Last week we started working with infinite geometric series, a topic I personally love. First of all, it’s one of the few places in a high school curriculum where deep, genuine philosophical questions bubble all the way up to the surface of a mathematical discussion. Second, it marks the place in my own academic life where I experienced a religious conversion to Orthodox Mathematicism:
In the beginning there was a single term. And to that term the Teacher did add another of smaller magnitude. Then a third term, smaller still, appeared upon the right hand side of the chalkboard, and it was revealed to me that the terms did decrease exponentially. My heart saw that this shrinking and adding proceedeth forever and ever, terms without end, Amen. And lo, when I beheld the sum, it was finite, and I knew that it was Good.

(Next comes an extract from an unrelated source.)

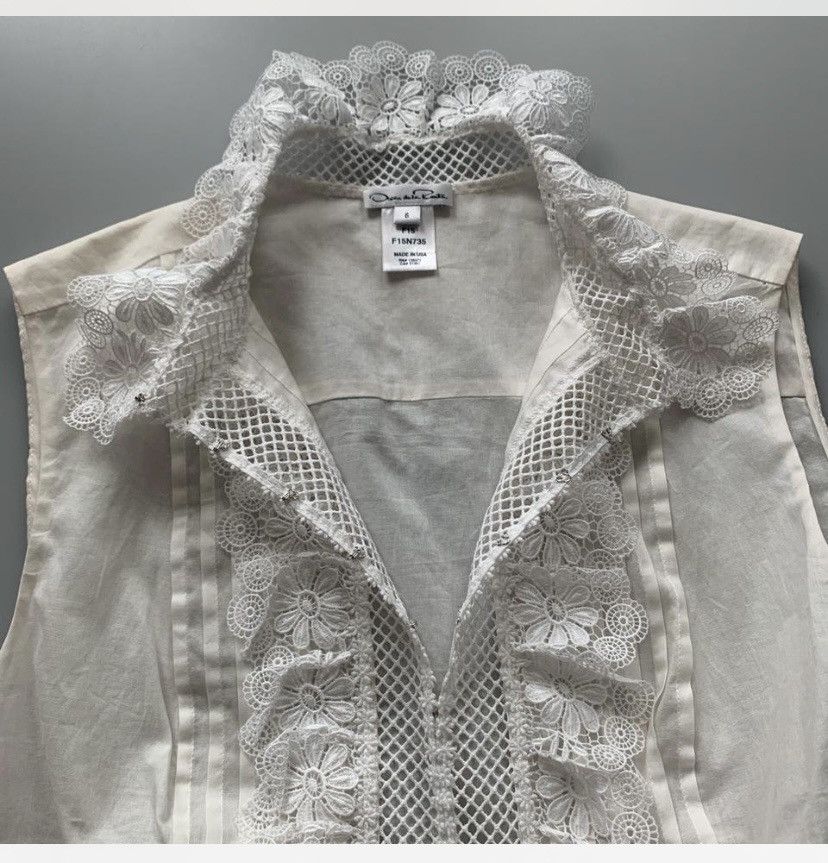 Oscar De La Renta Oscar de la Renta 🇺🇸 white hand embroidered lace blouse 6 LN Size M / US 6-8 / IT 42-44 - 6 Thumbnail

If my introduction to convergent series was a baptism, then using one to demonstrate that .999… = 1 was my confirmation. Now, having done the same thing with my students, I think it might be even more interesting from this side of the desk. In particular, two of their questions/comments highlight two very different understandings of infinity and the real numbers.
First, the ingredients of a metaphor. If you’ve ever been a runner, this is easy. If not, I’m going to need you to go on a quick jog before you read any farther so you can appreciate the rest of this carefully crafted rhetorical device. I’ll wait…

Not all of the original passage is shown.